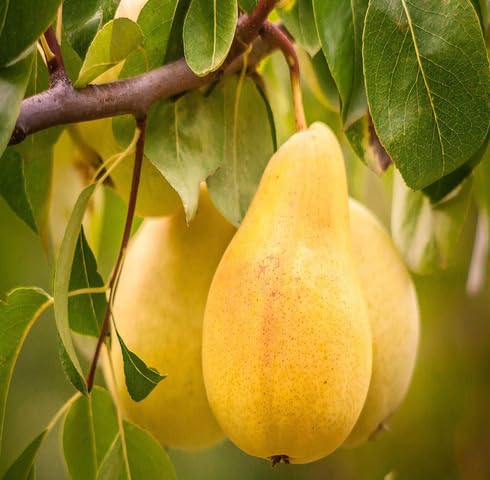 Yellow Pear Fruit - Heirloom, Non - Gmo Seeds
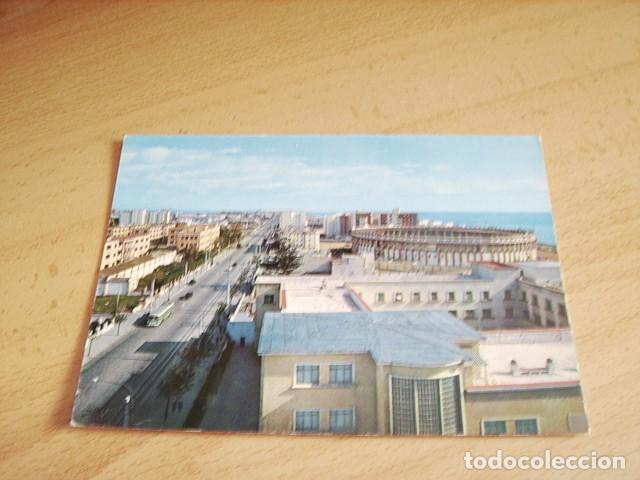 Postales: CADIZ -- AVENIDA DE LOPEZ PINTO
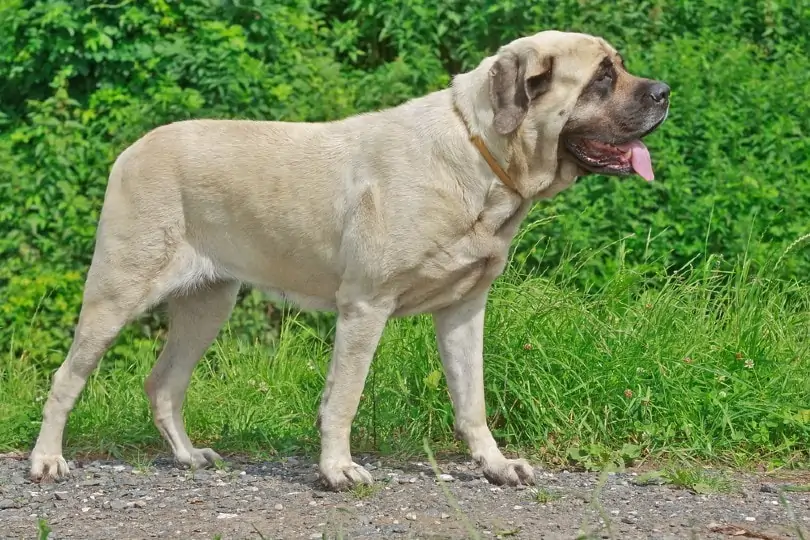 English Mastiff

Task requirements ->
Exactly reproduce the lines beginning at the one that contains "Postales: CADIZ -- AVENIDA DE LOPEZ PINTO" and ending at the final line of the material, with the pictures left out.

Task output ->
 Postales: CADIZ -- AVENIDA DE LOPEZ PINTO
 English Mastiff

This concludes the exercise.